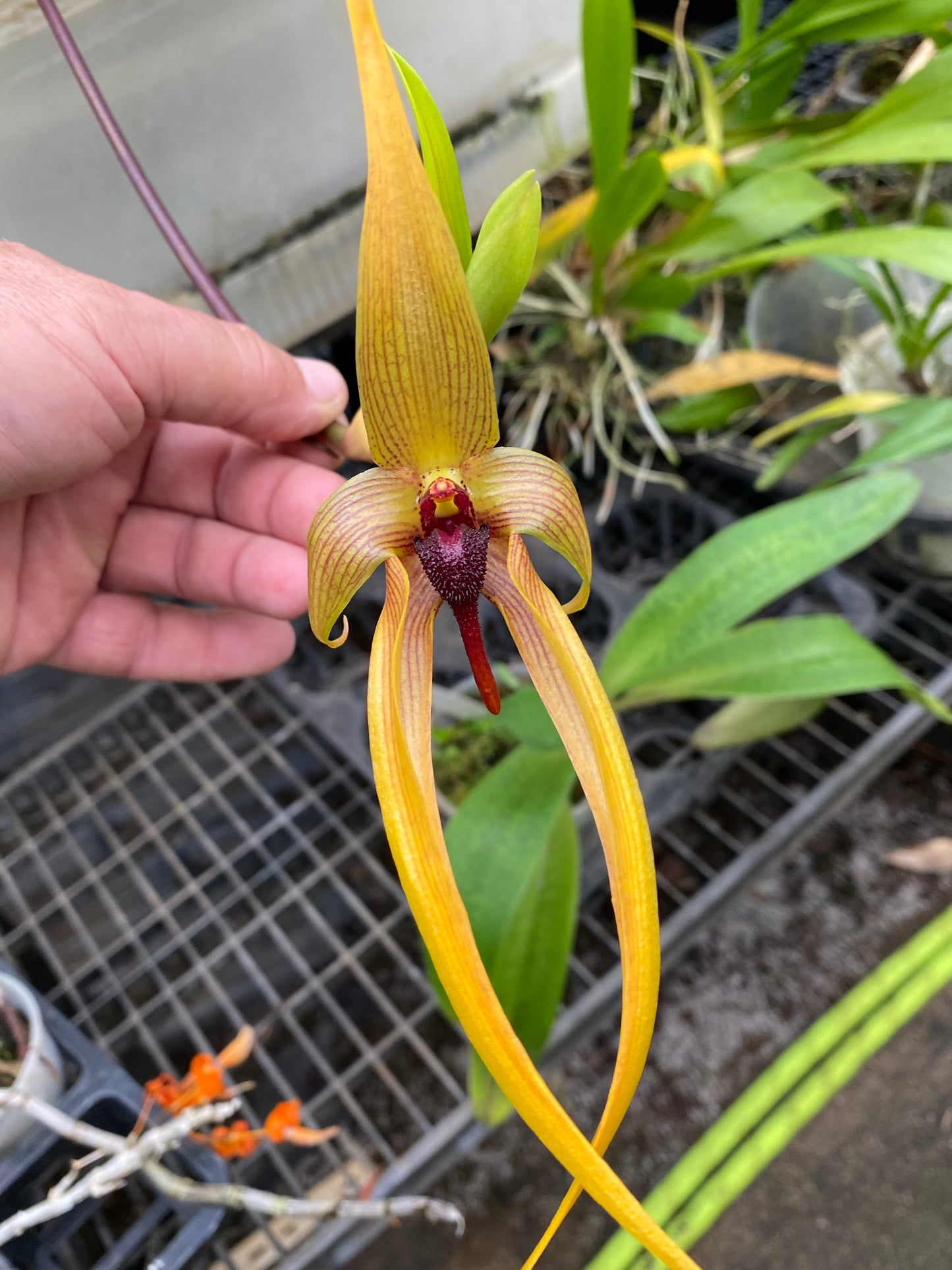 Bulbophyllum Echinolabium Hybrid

...

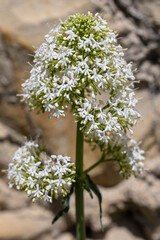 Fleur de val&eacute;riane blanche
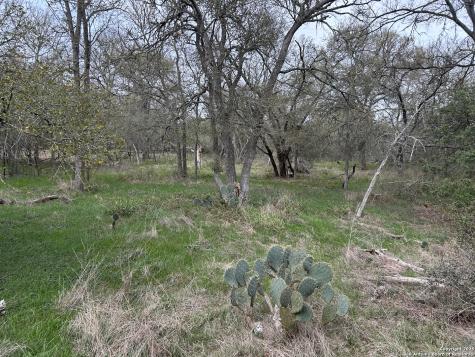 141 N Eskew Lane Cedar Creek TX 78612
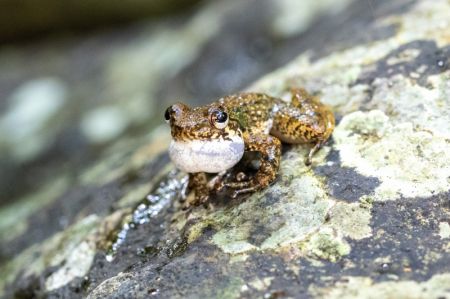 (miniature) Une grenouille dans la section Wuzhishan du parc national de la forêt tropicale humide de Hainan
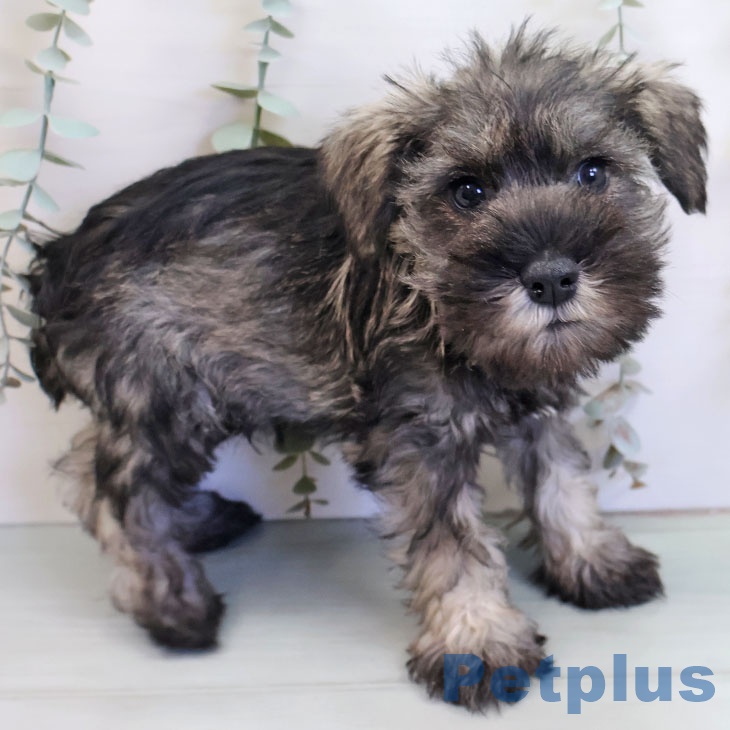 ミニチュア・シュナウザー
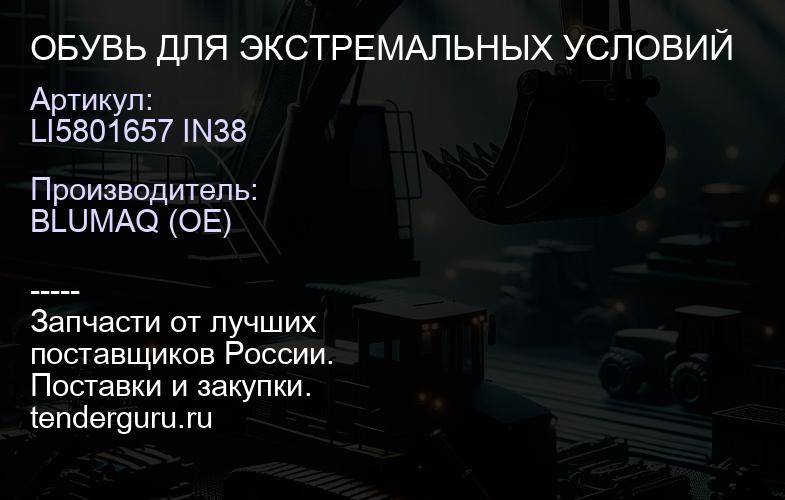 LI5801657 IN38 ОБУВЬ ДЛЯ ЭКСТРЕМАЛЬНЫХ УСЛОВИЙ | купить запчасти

Work item
In the records above, find the line with "141 N Eskew Lane Cedar Creek TX 78612". Print exactly from there through the line with "LI5801657 IN38 ОБУВЬ", minus the pictures.

Exercise answer
 141 N Eskew Lane Cedar Creek TX 78612
 (miniature) Une grenouille dans la section Wuzhishan du parc national de la forêt tropicale humide de Hainan
 ミニチュア・シュナウザー
 LI5801657 IN38 ОБУВЬ ДЛЯ ЭКСТРЕМАЛЬНЫХ УСЛОВИЙ | купить запчасти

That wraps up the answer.